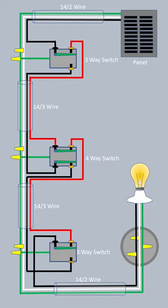Here's a quick diagram of a four-way switch leg. It uses 14-2 wire between the panel and the first switch, and 14-2 between the final switch and the light, and 14-3 between the switches.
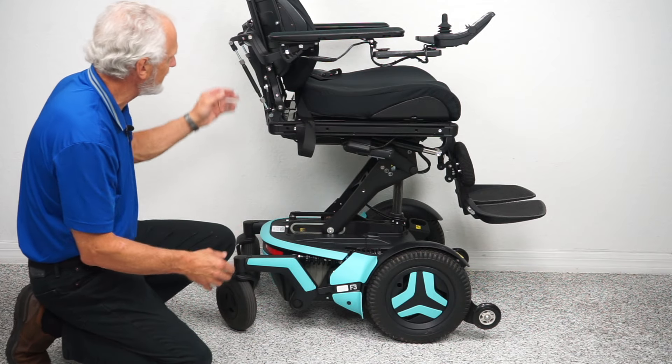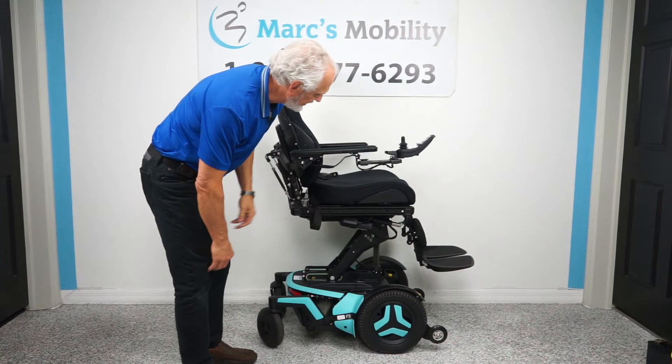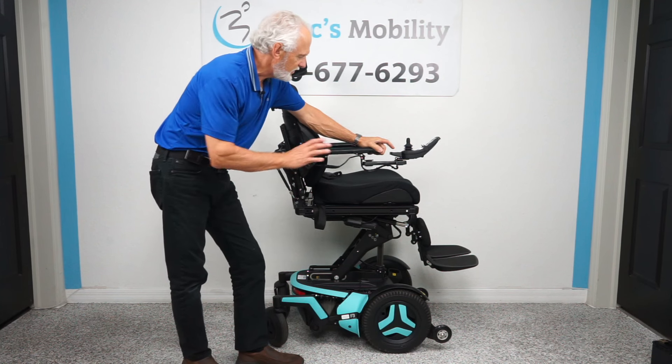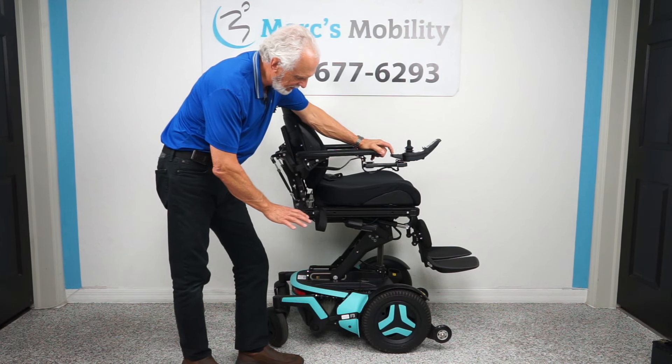You can see the armature here for the seat lift — you can see how well constructed this is. Of course, this is a Permobil — that's the highest quality you can get. This is the top of the line in power chairs. Now I'm going to show you something else that's pretty neat about this chair.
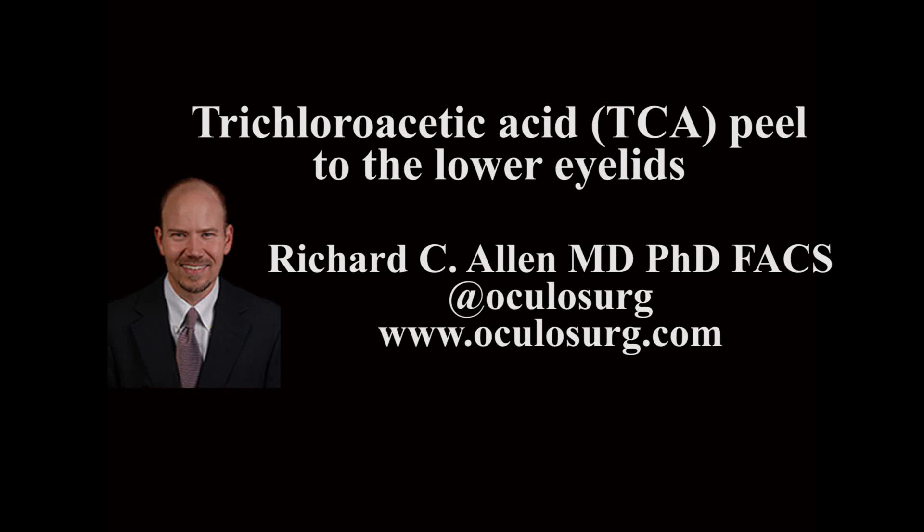This is Richard Allen at Oculusurge.com. This video demonstrates a trichloroacetic acid peel to the lower eyelids at the conclusion of an upper and lower blepharoplasty.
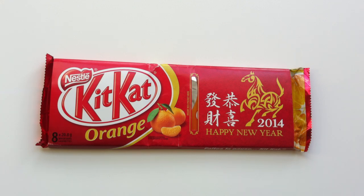Hello all. Welcome once again to Walking the Candy Aisle. I'm Jeff. Happy Chinese New Year.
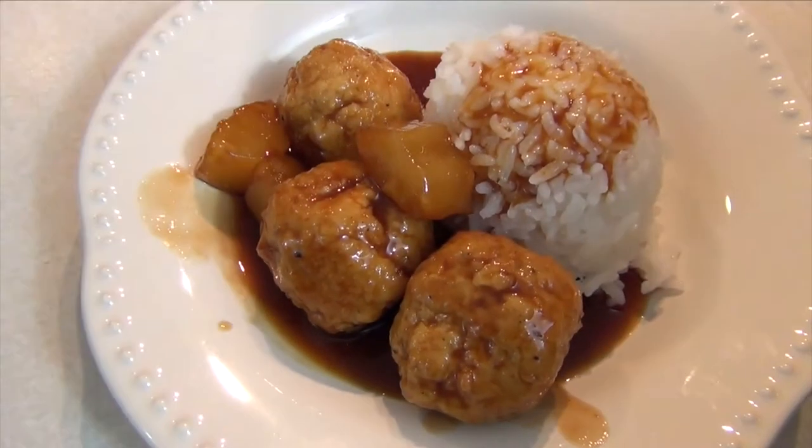And there you go — easy as can be. Chicken teriyaki meatballs in a slow cooker. This would be great for a tailgate without the rice; maybe put some toothpicks on them and just let everybody have at them. I might even double the recipe if you're doing a big tailgate. Otherwise, give this a try. Tell me if you make any changes, substitutions, and how it turns out for you. Subscribe, share, like, comments below. Check back for the next video and take care.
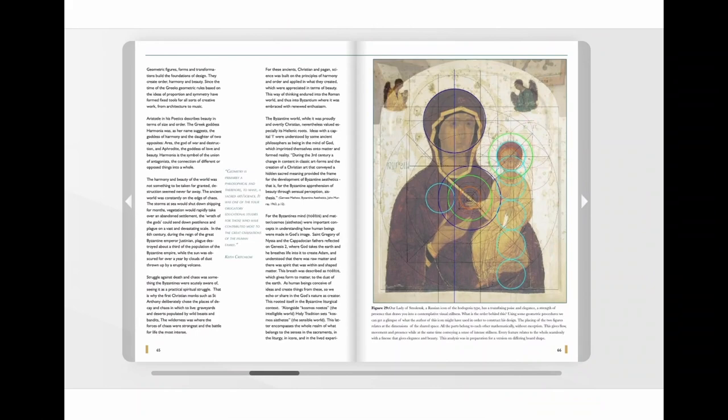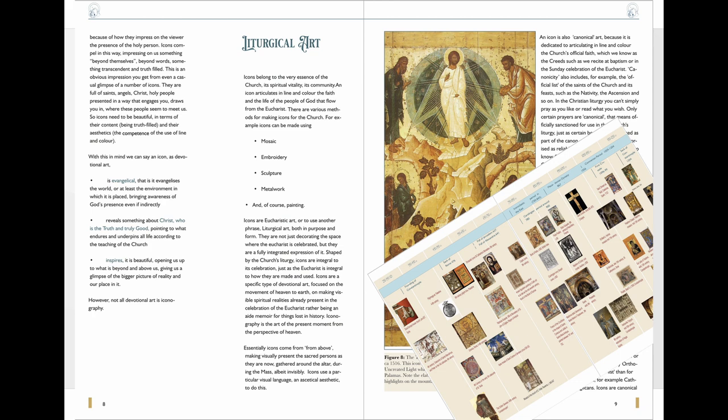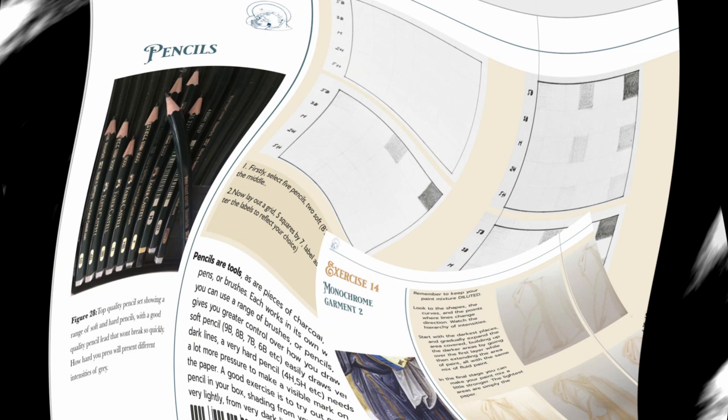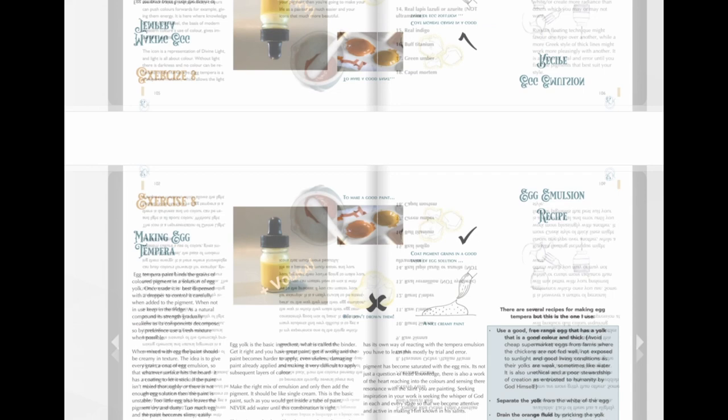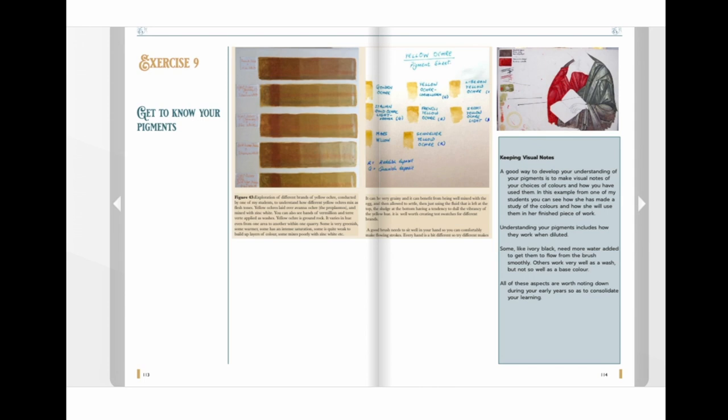Here it is — the Icon Painter's Handbook, nearly 300 pages of insights into the world of painting icons in egg tempera. It's been over three years in the making and distills over a decade of teaching practice, listing pigments, explaining how to make paint, and giving you live demonstrations at the same time.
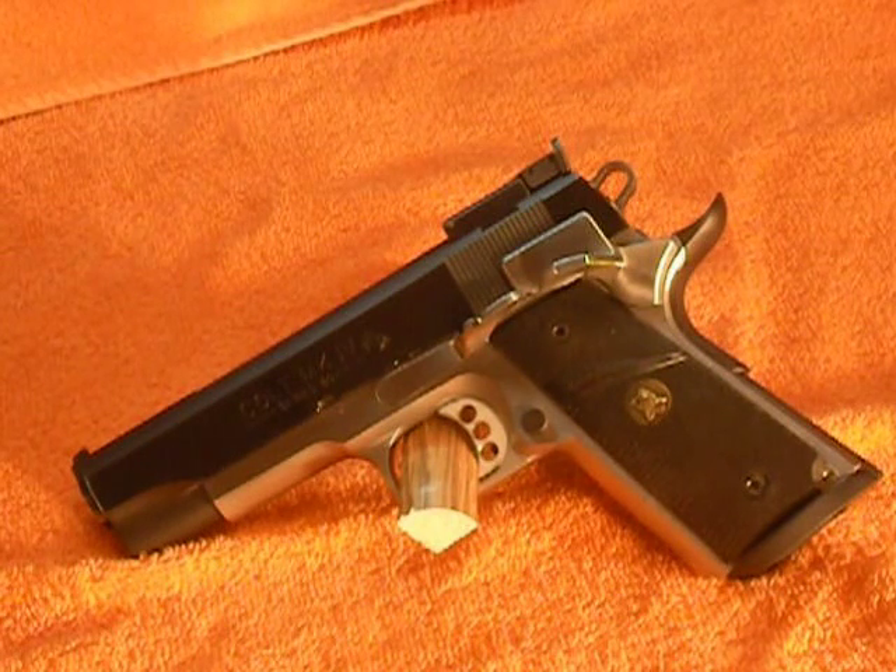This video is going to be on a Colt custom 1911 chambered in a 38 Super. Before I get into the review, I want to thank the people that gave me tips, because I'm kind of new to YouTube, on how to improve my video quality or my channel.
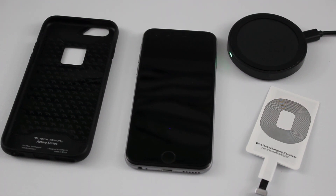Hey everyone, this is Craig with GottaBeMobile.com and I'm going to quickly show you how you can make your own iPhone wireless charger. It's really easy to do and it doesn't cost that much. So if you're really wanting to get into wireless charging, especially since the iPhone doesn't have wireless charging built in, this is a great way to go.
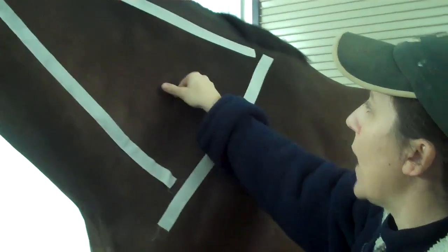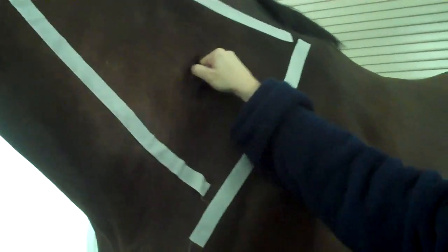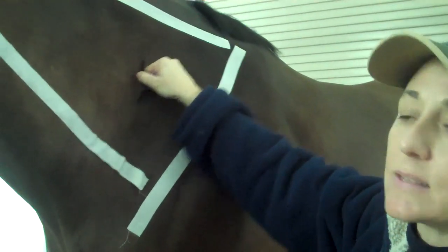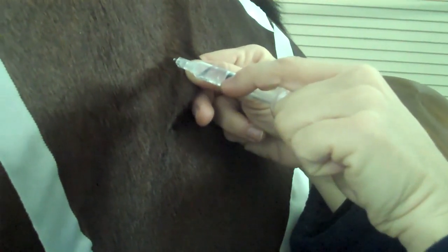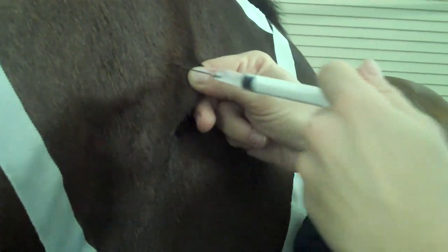To demonstrate: once the area is dry, I pinch the skin, which acts as a little diversion to the horse so he doesn't feel the shot as much. I take the needle and go right in front of that pinch. I always pull back looking for blood. If you see blood, switch sides. If I don't see blood, I inject, pull out, and then let the skin go.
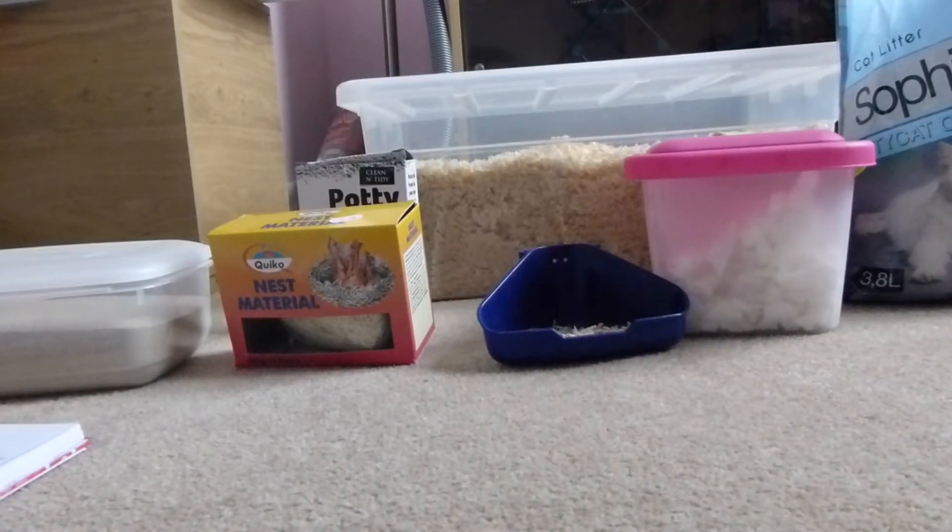Hi guys, this video is going to be on hamster beddings. I've got a few examples to show you here. We've got regular bedding like what you put on the base of the cage, nesting materials, and litter. So I'm going to go ahead and get started.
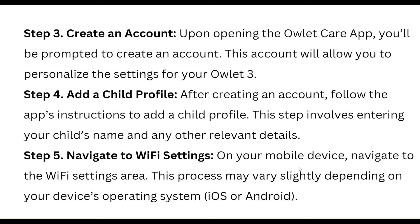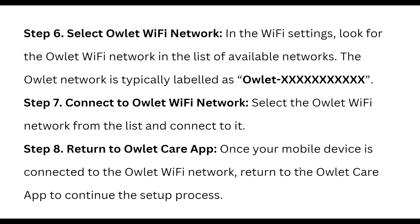Next, navigate to the Wi-Fi settings on your mobile device. This process may vary slightly depending on your device's operating system. In the Wi-Fi settings, look for the OLED Wi-Fi network in the list of available networks. The OLED network is typically labeled as 'OLED-XXX'.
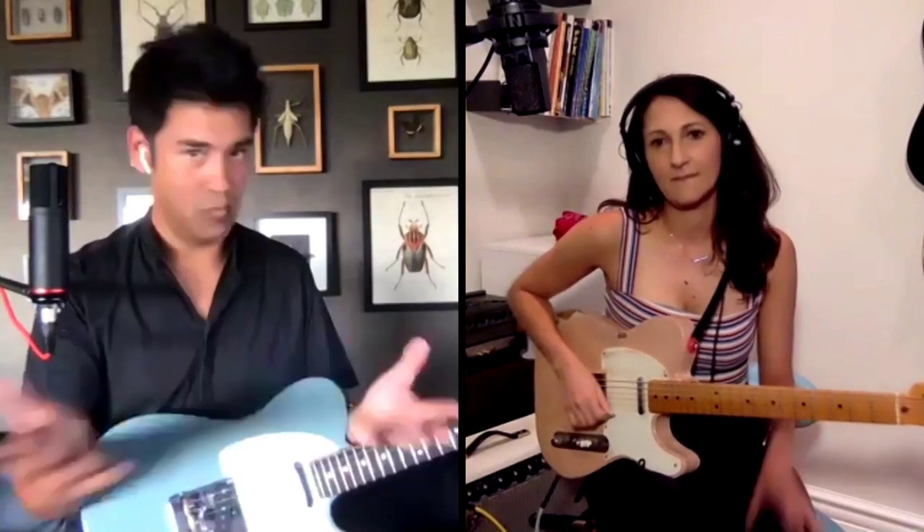We'd like to kick off with some playing, so could you play a little something that demonstrates the CAGED system, and then afterwards we'll discuss what we just saw? Oh, heck yeah. I'm going to play something you guys should recognize, but I'm doing my own little twist on it.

####################

What to do: Would you mind transcribing the material exactly, without the pictures?

Output of the exercise:
Here's a quick diagram of a four-way switch leg. It uses 14-2 wire between the panel and the first switch, and 14-2 between the final switch and the light, and 14-3 between the switches.
You can see the armature here for the seat lift — you can see how well constructed this is. Of course, this is a Permobil — that's the highest quality you can get. This is the top of the line in power chairs. Now I'm going to show you something else that's pretty neat about this chair.
This is Richard Allen at Oculusurge.com. This video demonstrates a trichloroacetic acid peel to the lower eyelids at the conclusion of an upper and lower blepharoplasty.
Hello all. Welcome once again to Walking the Candy Aisle. I'm Jeff. Happy Chinese New Year.
And there you go — easy as can be. Chicken teriyaki meatballs in a slow cooker. This would be great for a tailgate without the rice; maybe put some toothpicks on them and just let everybody have at them. I might even double the recipe if you're doing a big tailgate. Otherwise, give this a try. Tell me if you make any changes, substitutions, and how it turns out for you. Subscribe, share, like, comments below. Check back for the next video and take care.
Here it is — the Icon Painter's Handbook, nearly 300 pages of insights into the world of painting icons in egg tempera. It's been over three years in the making and distills over a decade of teaching practice, listing pigments, explaining how to make paint, and giving you live demonstrations at the same time.
This video is going to be on a Colt custom 1911 chambered in a 38 Super. Before I get into the review, I want to thank the people that gave me tips, because I'm kind of new to YouTube, on how to improve my video quality or my channel.
Hey everyone, this is Craig with GottaBeMobile.com and I'm going to quickly show you how you can make your own iPhone wireless charger. It's really easy to do and it doesn't cost that much. So if you're really wanting to get into wireless charging, especially since the iPhone doesn't have wireless charging built in, this is a great way to go.
To demonstrate: once the area is dry, I pinch the skin, which acts as a little diversion to the horse so he doesn't feel the shot as much. I take the needle and go right in front of that pinch. I always pull back looking for blood. If you see blood, switch sides. If I don't see blood, I inject, pull out, and then let the skin go.
Hi guys, this video is going to be on hamster beddings. I've got a few examples to show you here. We've got regular bedding like what you put on the base of the cage, nesting materials, and litter. So I'm going to go ahead and get started.
Next, navigate to the Wi-Fi settings on your mobile device. This process may vary slightly depending on your device's operating system. In the Wi-Fi settings, look for the OLED Wi-Fi network in the list of available networks. The OLED network is typically labeled as 'OLED-XXX'.
We'd like to kick off with some playing, so could you play a little something that demonstrates the CAGED system, and then afterwards we'll discuss what we just saw? Oh, heck yeah. I'm going to play something you guys should recognize, but I'm doing my own little twist on it.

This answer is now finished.